* [THE TASK] Repeat everything in the listing exactly, except for the images.

□ □ □ □ □

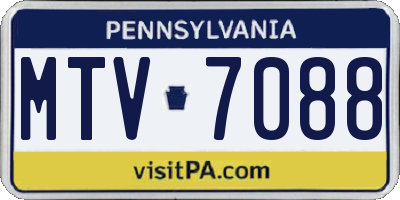 PA license plate MTV7088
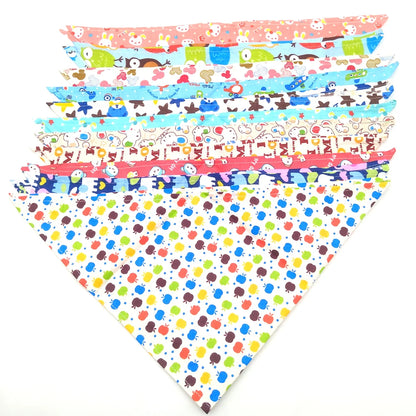 30PCS S/M/L/XL Small Dog Cat Bandana Cotton Small-Large Dog Bandanas Scarf For Small Dog Puppy Cat Bibs For Dogs 50Colours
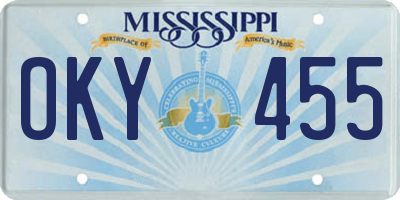 MS license plate OKY455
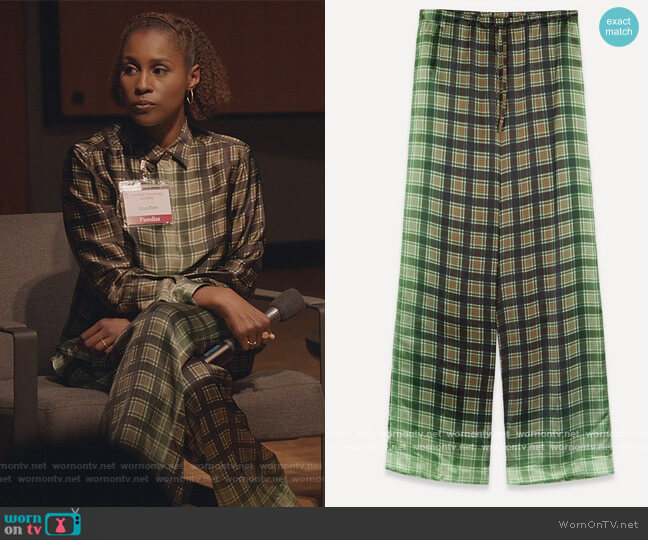 Ombre Plaid Satin Shirt by Dries Van Noten worn by Issa Dee (Issa Rae) on Insecure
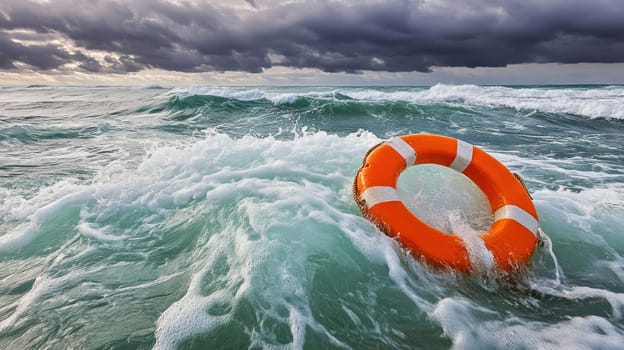 Life preserver floating on turbulent ocean waves, symbolizing hope and rescue during challenging times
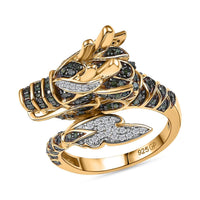 GP Green and White Diamond 0.60 ctw Ring in 18K Vermeil Yellow Gold Over Sterling Silver (Size 10.0)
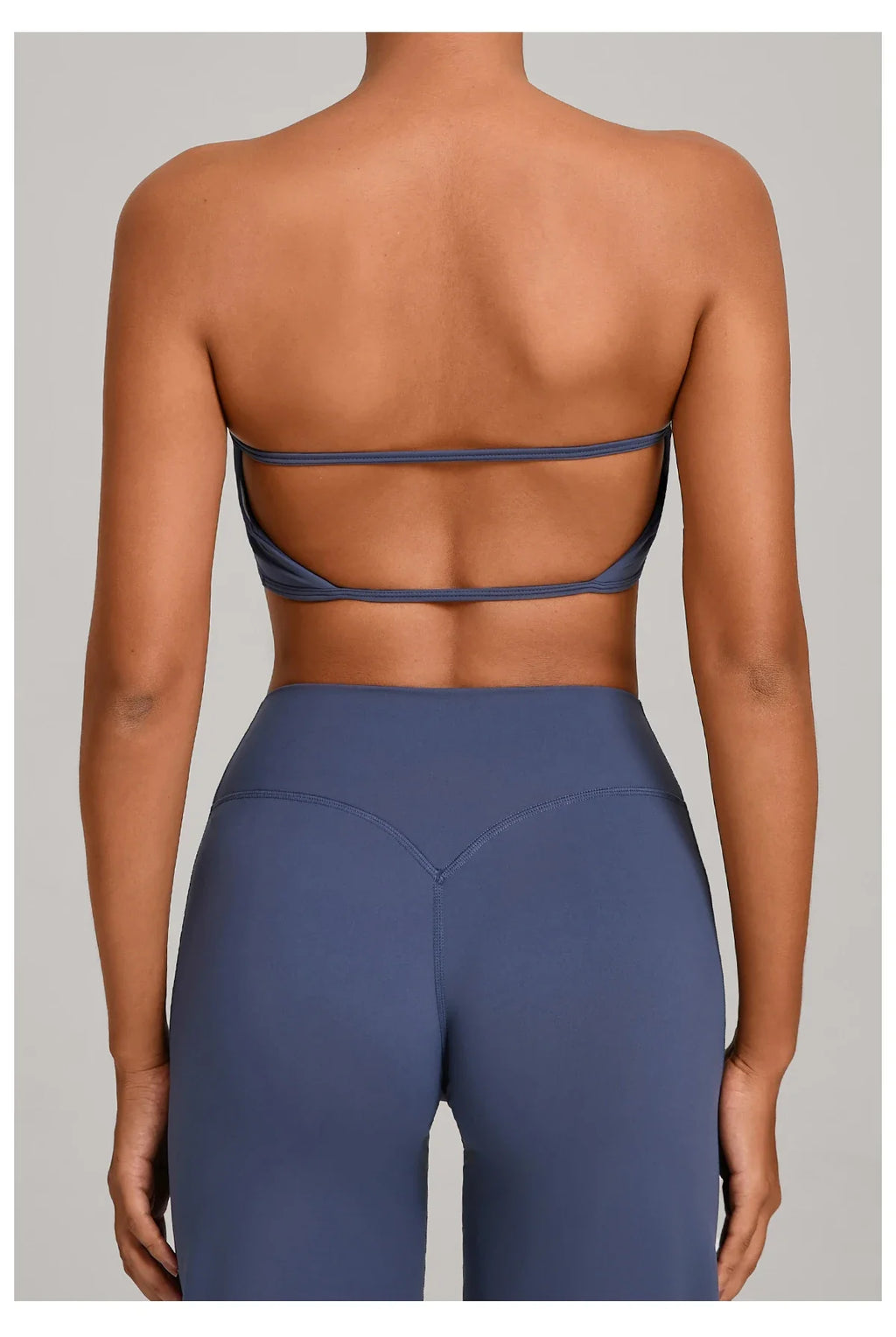 Padded Backless Bandeau Sports Bra Gym Women Crop Tube Top Seamless Yoga Top Sexy Workout Sportswear Push-up Fitness Underwear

□ □ □ □ □

* [EXERCISE SOLUTION]
 PA license plate MTV7088
 30PCS S/M/L/XL Small Dog Cat Bandana Cotton Small-Large Dog Bandanas Scarf For Small Dog Puppy Cat Bibs For Dogs 50Colours
 MS license plate OKY455
 Ombre Plaid Satin Shirt by Dries Van Noten worn by Issa Dee (Issa Rae) on Insecure
 Life preserver floating on turbulent ocean waves, symbolizing hope and rescue during challenging times
 GP Green and White Diamond 0.60 ctw Ring in 18K Vermeil Yellow Gold Over Sterling Silver (Size 10.0)
 Padded Backless Bandeau Sports Bra Gym Women Crop Tube Top Seamless Yoga Top Sexy Workout Sportswear Push-up Fitness Underwear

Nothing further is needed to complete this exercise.